In 10 of the past 11 years, the federal surplus has exceeded initial budget projections by an average of $8.6-billion. The latest “surprise” surplus, announced by Stephen Harper’s government last fall, looked rather like hypocrisy.
“We promised the Canadian people that we would not hide surpluses, that we would be as transparent and accountable as we could be… and we would avoid the ‘March madness’ that [the Liberals] got into year after year with so-called surprise surpluses,” Jim Flaherty said in 2006, referring to last-minute, politically sensitive spending announced outside the budget.
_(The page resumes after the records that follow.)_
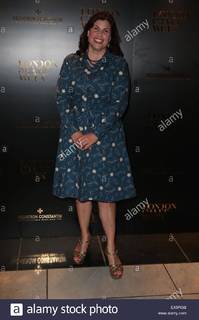 Kirstie Allsopp feet photo 4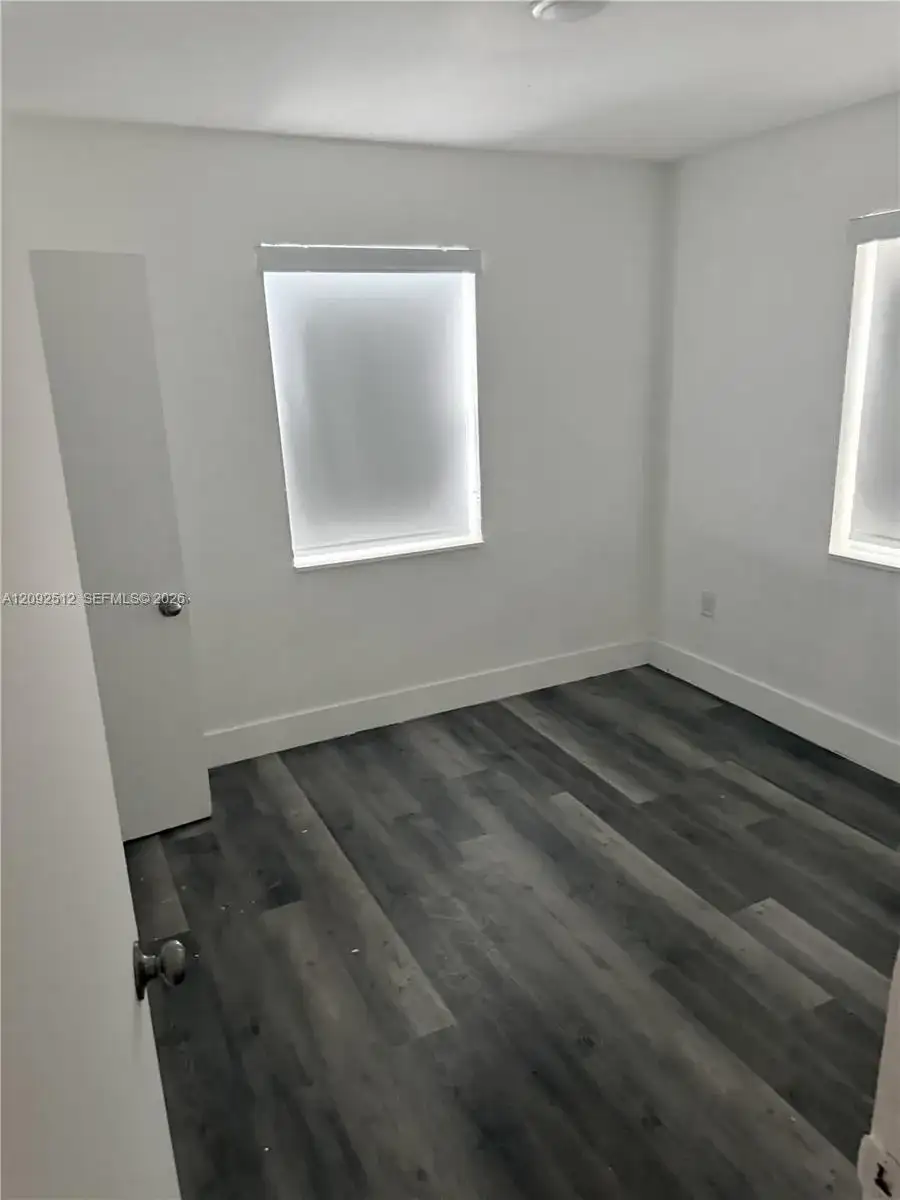 1864 NW 88th Ter, Miami FL 33147 photo 5
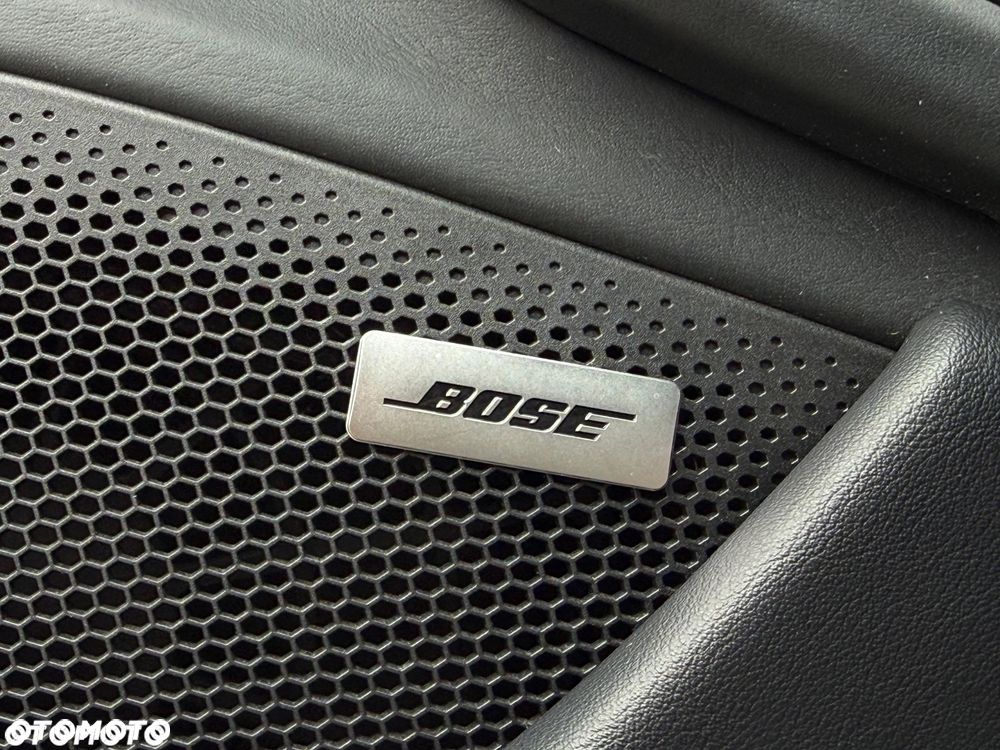 Porsche Taycan Turbo - 29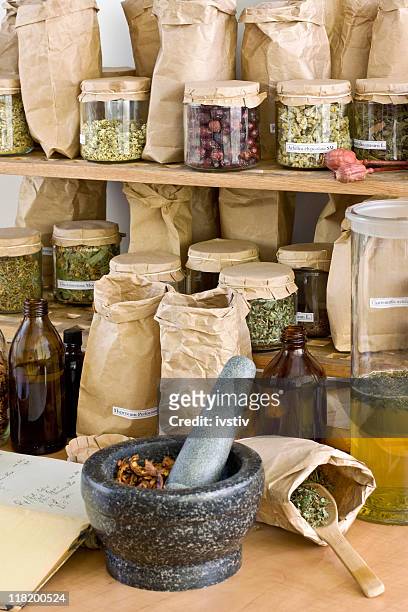 different types of herbs on shelves - herb stockfoto's en -beelden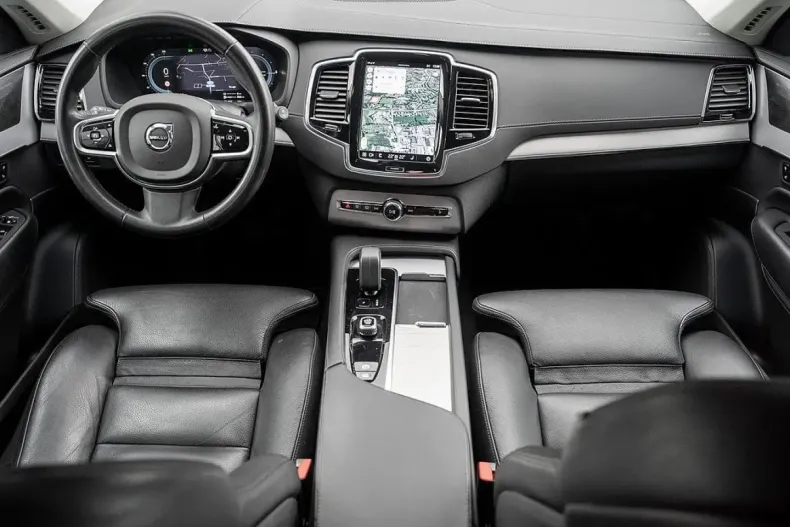 Volvo XC90 din 2023 cu 63.200 km - oferta VOL107012 - foto 11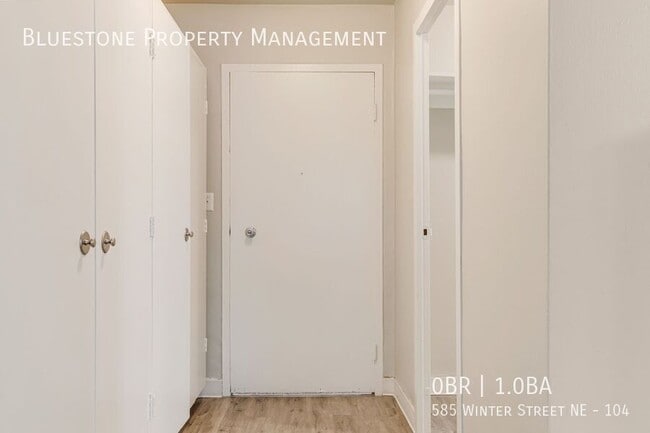 Building Photo - 585 Winter St NE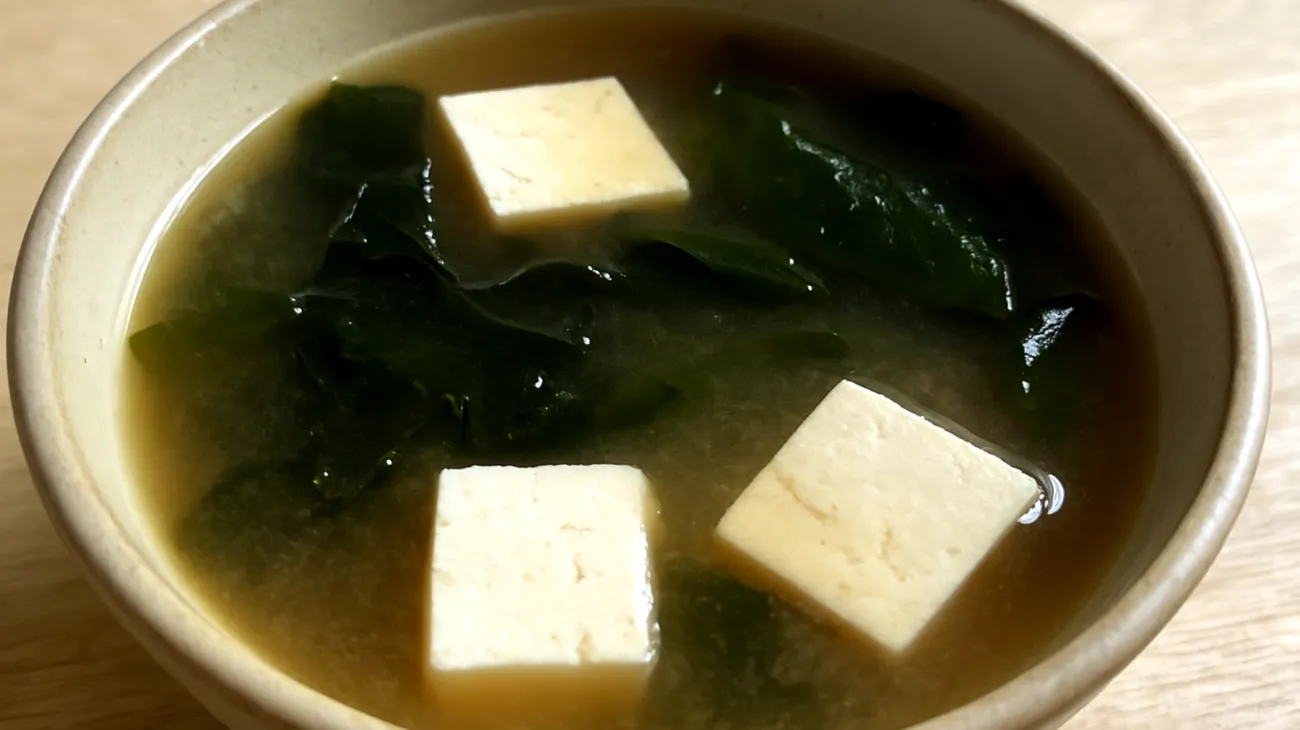 Soupe de miso aux algues wakame et tofu soyeux"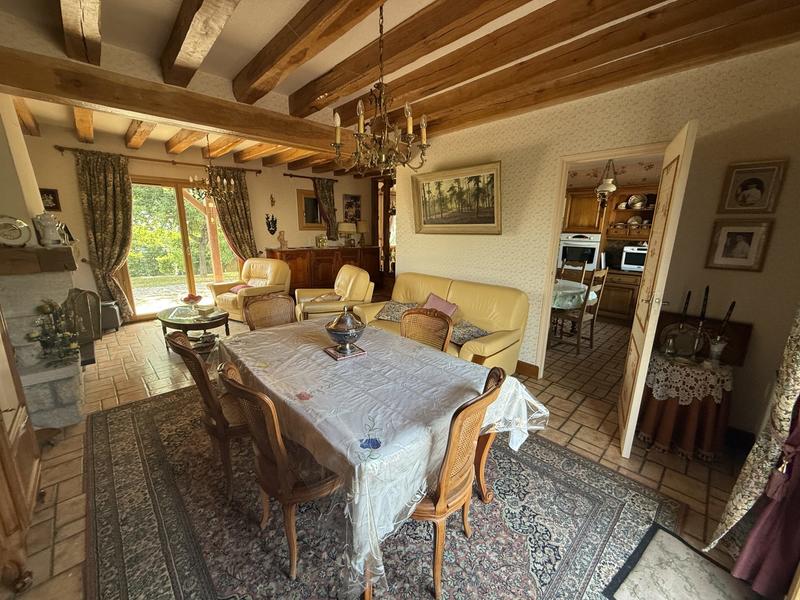 Maison - 164 m² - 7 pièces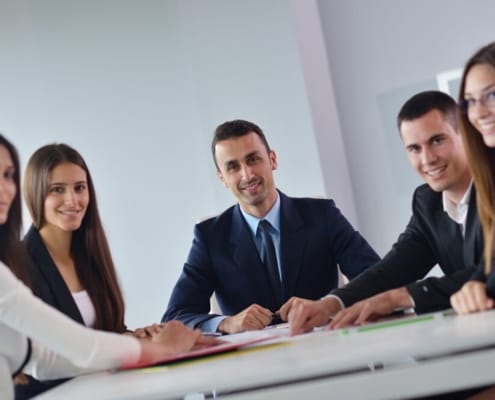 Transmission entreprise - business - réunion dirigeants business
Yet, with a surplus some $5-billion beyond expectations the next year, the Tories were prey to the same impulse to make end-of-year billion-plus dollar promises of their own. One notable example was $1.5-billion taken from the surplus for new environmental spending in February 2007, a substantial chunk of it for Quebec just ahead of an anticipated election.
As the CGA-Canada report points out, “One can’t help but wonder if surprise surpluses have become strategy… As a tactic, it does have appeal and creates, over time, a norm that permits accelerated debt retirement.” (Like his predecessors, Mr. Flaherty applied a large portion of last year’s surplus to reduce the debt, then running at $467-billion.) But deliberately underestimating tax revenues creates unreasonable expectations among taxpayers about the strength of the economy.
“While all countries face the same problem of ’small misses,’ Canada’s forecasting accuracy is worse than that of other countries,” the report cautions. “This leads to a conclusion that the invisible political pressure to avoid deficit may still play a very important role in shaping surprise surpluses.”
While the current economic slowdown and the result of recent tax cuts suggest any pending unplanned surplus will be smaller than in past years – the government actually ran a deficit of $517-million over the first two months of the current fiscal year – any more surprises are unwelcome. Mr. Harper has appointed a Parliamentary Budget Officer to provide independent analysis of the country’s finances. One hopes this will make a difference.
The goodwill of Canadian taxpayers pleasantly surprised by multi-billion-dollar “unplanned” surpluses may make it easier for governments to put billions toward paying down the public debt. But if the case can be made to taxpayers, then planned surpluses can pay down the public debt just as well as unplanned ones.